**Task to complete:** Two lines below mark the span: the one containing "Satin and Taffeta" and the one containing "D Monogram Guest". Set down both, plus every line between, exactly as they stand, and nothing else.

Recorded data
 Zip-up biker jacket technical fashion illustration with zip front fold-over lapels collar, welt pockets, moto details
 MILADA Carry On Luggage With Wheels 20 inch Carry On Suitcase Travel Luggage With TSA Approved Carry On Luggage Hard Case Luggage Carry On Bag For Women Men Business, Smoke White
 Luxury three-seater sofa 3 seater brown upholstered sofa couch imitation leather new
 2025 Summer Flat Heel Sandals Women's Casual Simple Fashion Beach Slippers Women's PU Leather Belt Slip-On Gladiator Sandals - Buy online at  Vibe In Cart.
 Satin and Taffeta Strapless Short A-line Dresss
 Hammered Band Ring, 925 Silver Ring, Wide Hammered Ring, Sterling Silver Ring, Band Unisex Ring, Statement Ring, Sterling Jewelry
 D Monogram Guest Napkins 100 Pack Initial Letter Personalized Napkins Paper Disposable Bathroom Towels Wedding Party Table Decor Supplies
* * *
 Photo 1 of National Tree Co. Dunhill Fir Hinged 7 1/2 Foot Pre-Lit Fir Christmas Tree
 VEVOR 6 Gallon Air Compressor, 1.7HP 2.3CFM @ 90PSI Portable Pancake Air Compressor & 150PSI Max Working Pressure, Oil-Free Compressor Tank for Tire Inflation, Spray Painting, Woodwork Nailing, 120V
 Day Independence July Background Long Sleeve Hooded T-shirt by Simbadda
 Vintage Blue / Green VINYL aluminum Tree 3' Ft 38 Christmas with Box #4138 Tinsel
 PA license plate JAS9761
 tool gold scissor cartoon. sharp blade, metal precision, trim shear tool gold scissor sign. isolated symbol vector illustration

**Answer below:**
 Satin and Taffeta Strapless Short A-line Dresss
 Hammered Band Ring, 925 Silver Ring, Wide Hammered Ring, Sterling Silver Ring, Band Unisex Ring, Statement Ring, Sterling Jewelry
 D Monogram Guest Napkins 100 Pack Initial Letter Personalized Napkins Paper Disposable Bathroom Towels Wedding Party Table Decor Supplies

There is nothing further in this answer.